А Нина тем временем оставалась в Тавризе. Окружающие, боясь за нее, скрывали страшную весть. Говорили, что она должна ехать в Тифлис, дескать, Александр Сергеевич занемог, уехал туда и велел следом отправляться и ей. Нина отвечала: "Пока не получу письмо от мужа, никуда не тронусь". И лишь 13 февраля по настоятельной просьбе матери она покинула Тавриз. В Тифлисе Нина узнала, что муж мертв, и у нее случились преждевременные роды. Об этом в ее письме Макдональдам в Тавриз: "...Спустя несколько дней после моего приезда, когда я едва отдохнула от перенесенной усталости, но все более и более тревожилась в невыразимом, мучительном беспокойстве зловещими предли нужным сорвать завесу, скрывающую от меня ужасную правду. Свыше моих сил выразить Вам, что я тогда испытала... Переворот, происшедший в моем существе, был причиной преждевременного разрешения от бремени... Мое бедное дитя прожило только час и уже соединилось со своим несчастным отцом в том мире, где, я надеюсь, найдут место и его добродетели, и все его жестокие страдания. Все же успели окрестить ребенка и дали ему имя Александр, имя его бедного отца..." На семнадцатом году жизни надела Нина Грибоедова черное платье и не снимала его 28 лет, до самой могилы. Грузинские женщины часто ходят в черном, так что ее вдовий наряд удивлял лишь в первые годы. В 1857 году в Тифлисе вспыхнула холера. Нина отказалась уехать из города и, ухаживая за своими родственниками, заболела сама и умерла.

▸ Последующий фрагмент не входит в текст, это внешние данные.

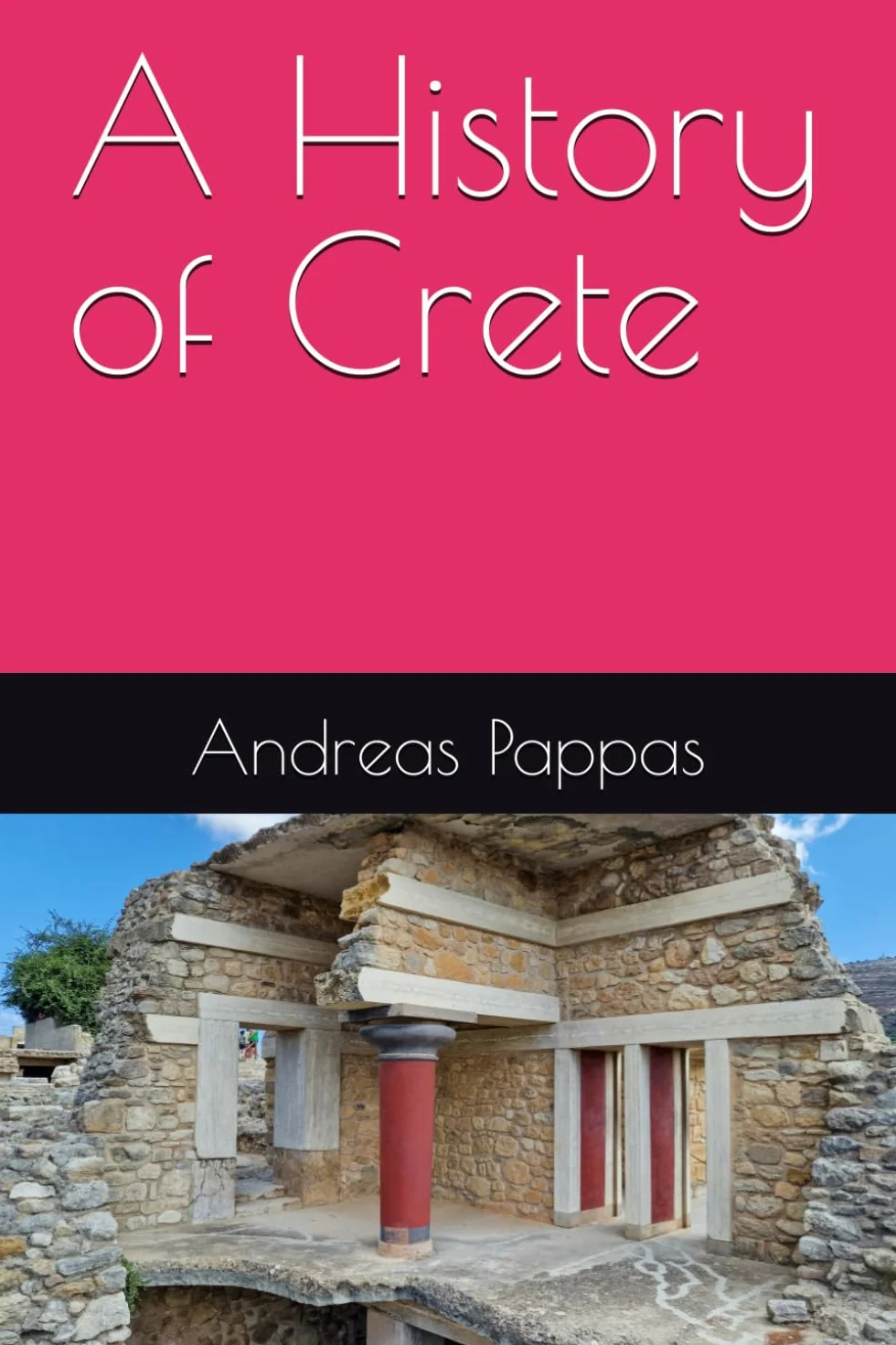 A History of Crete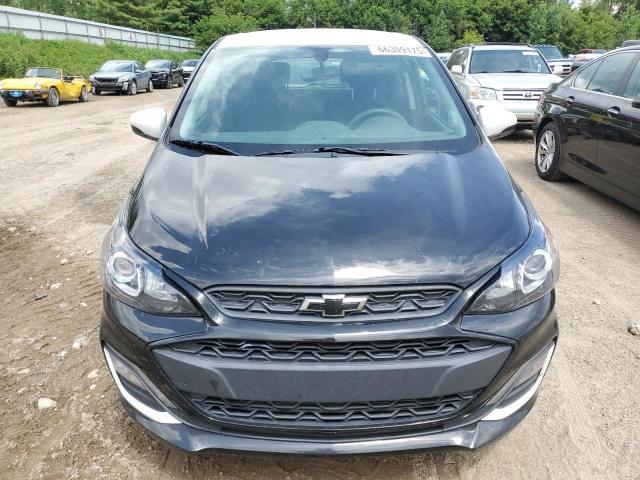 Photo 5 from auction – 2022 CHEVROLET SPARK 1LT with VIN KL8CD6SA5NC033147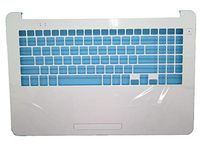 Laptop White PalmRest for LG 15U340 ABQ74523801 15U340-E 15U340-L 15UD340 15UD340-E 15UD340-L NO Touchpad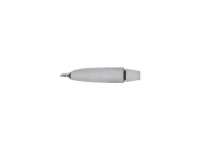 Herold Streichriemen - Paste wei 5ml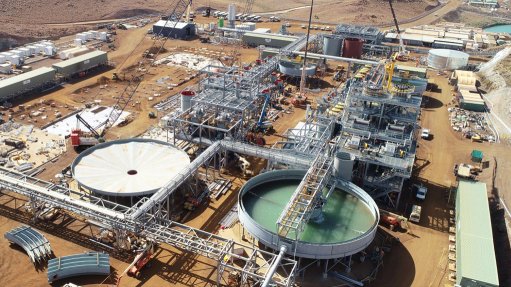 Albemarle strikes new deal over Australia's Wodgina project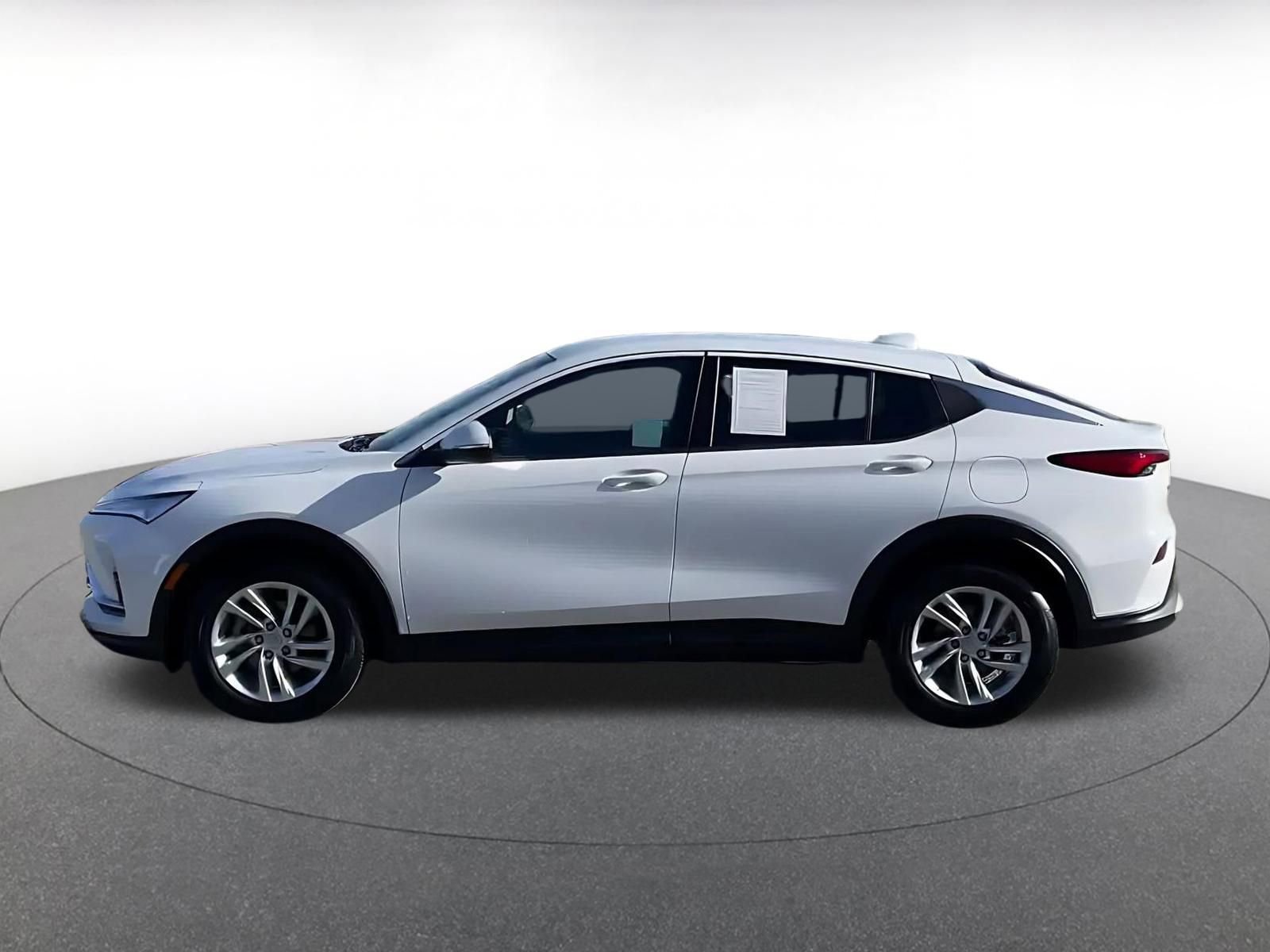 Thumbnail: 2025 Buick Envista - 9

...Высоко над Тбилиси, в монастыре св. Давида, что на горе Мтацминда, покоится их прах. Сюда, к увитой плющом нише с двумя могилами, приходит много людей. На одном из надгробий, обхватив распятье, рыдает коленопреклоненная женщина, отлитая из бронзы. Все свое великое и трепетное чувство вложила Нина в слова, горящие на холодном и тяжелом черном камне: "Ум и дела твои бессмертны в памяти русской, но для чего пережила тебя любовь моя!"